Running from the base of your toes to your heel, the plantar fascia supports the arch of your foot, helping your foot stay flexible while you walk. Sometimes, normal wear and tear causes the fibrous bands to break down, leading to soreness and inflammation. Plantar fasciitis pain is often at its worst when you first put your weight on your feet after resting or sitting.
The good news: While some severe forms of plantar fasciitis require surgery to correct, most people find effective and lasting relief with conservative treatments that don’t involve surgery.
At Richmond Foot & Ankle Surgical Associates in Richmond, Virginia, our expert podiatrists Weston Angermeier, DPM, and Rachel Hensley, DPM, use these 5 non-surgical strategies to ease or eliminate plantar fasciitis pain, so you can get you back on your feet again:
1. Physical therapy
Physical therapy uses special exercises to increase your foot’s flexibility and strength, easing inflammation, relieving pain, and increasing circulation for better healing. Depending on your needs, your physical therapist might prescribe exercises to “loosen up” your Achilles tendon, reducing painful tension on your heel.
In addition to providing symptom relief, physical therapy can help prevent future problems by teaching you how to maintain foot strength and flexibility. Doing daily, at-home exercises can help you maintain and enhance these benefits.
2. Weight management
If you’re overweight, excess pounds put a lot of stress on your feet. In fact, for every pound of excess weight you’re carrying, you put an extra 8 pounds of pressure on your feet with each step you take. If you spend a lot of time on your feet at work or during other parts of your daily routine, these effects can be multiplied many times over.
Losing weight takes that extra pressure off your feet, giving the plantar fascia time to heal. Typically, weight loss is prescribed along with one or more other non-surgical treatments to relieve pain and support optimal healing.
3. Custom orthotics
Custom orthotics are a lot different (and a lot more effective) than the one-size-fits-all shoe inserts you buy over the counter. Our team uses 3D scanning technology to create orthotics that support your unique foot shape. Orthotics relieve strain on your plantar fascia, providing your foot with ample support and giving your strained tissues time to heal.
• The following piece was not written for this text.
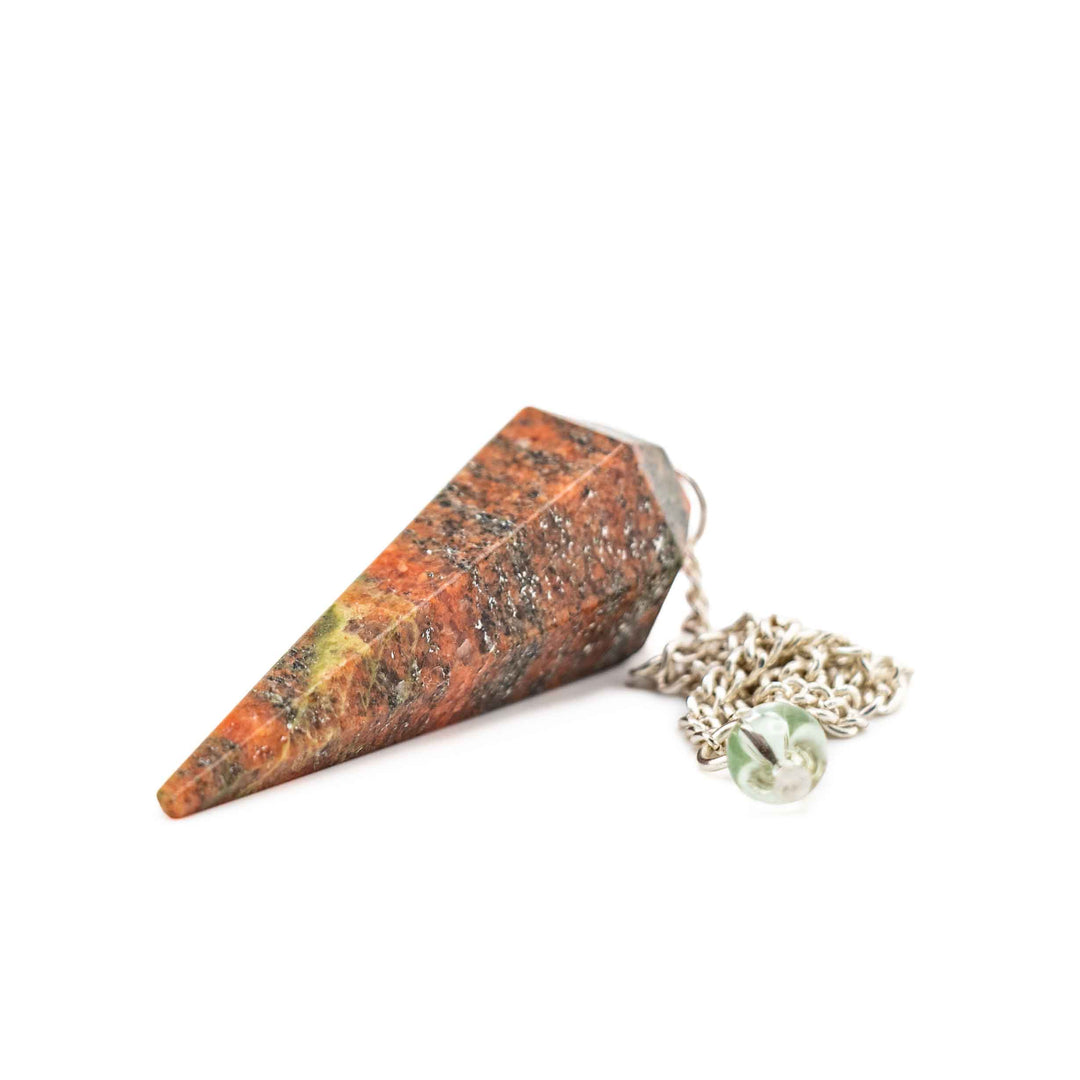 Unakite Pendulum – Emotional Balance & Healing Tool for Grounded Divination & Heart Chakra Energy Work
Custom orthotics are made of state-of-the-art materials for optimal durability and comfort. Plus, they can be designed for different types of footwear, from athletic shoes to dress shoes.
4. Night splints
Many people with plantar fasciitis have unusually stiff or tight tendons and supportive tissues that reduce foot flexibility and increase the risk of irritation, inflammation, and pain. Night splints are devices you wear while you sleep. The splint holds your foot in a flexed position, gently stretching the plantar fascia and the Achilles tendon to release tight tissues and help promote greater flexibility.
5. Corticosteroid injections
While over-the-counter pain medicines may help relieve plantar fasciitis pain to some degree, corticosteroid injections deliver anti-inflammatory medicine directly to the damaged tissues. Corticosteroids are very effective in reducing painful inflammation, so your tissues have a better chance to heal.
Find relief for your foot pain
Far too often, people ignore their foot pain, thinking it’ll simply clear up on its own. Or, they mistakenly believe that foot pain is just “part of getting older.” The fact is, foot pain is never normal, and the longer you wait for treatment, the worse your symptoms can become.